RECORDED DATA:
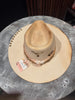 Texas Tan Wool Felt Hat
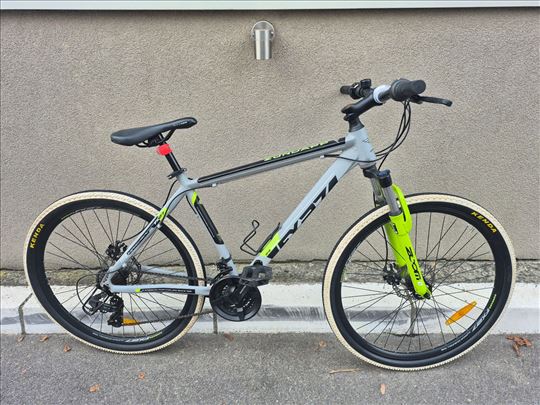 ZUNDAPP fx27 L disk kao nov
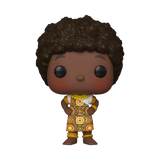 POP! Disney: Small World - Kenya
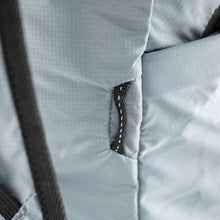 Matador ReFraction packable backpack slate blue lightweight and durable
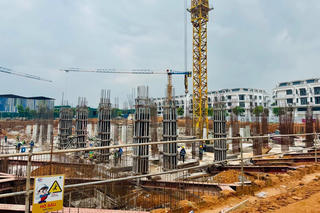 Ban Đô thị HĐND TP Hà Nội: Đề nghị đơn giản hóa hơn nữa thủ tục liên quan nhà ở xã hội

WORK TO COMPLETE:
You are asked to reproduce each line above exactly, but to exclude the pictures.

ANSWER AREA:
 Texas Tan Wool Felt Hat
 ZUNDAPP fx27 L disk kao nov
 POP! Disney: Small World - Kenya
 Matador ReFraction packable backpack slate blue lightweight and durable
 Ban Đô thị HĐND TP Hà Nội: Đề nghị đơn giản hóa hơn nữa thủ tục liên quan nhà ở xã hội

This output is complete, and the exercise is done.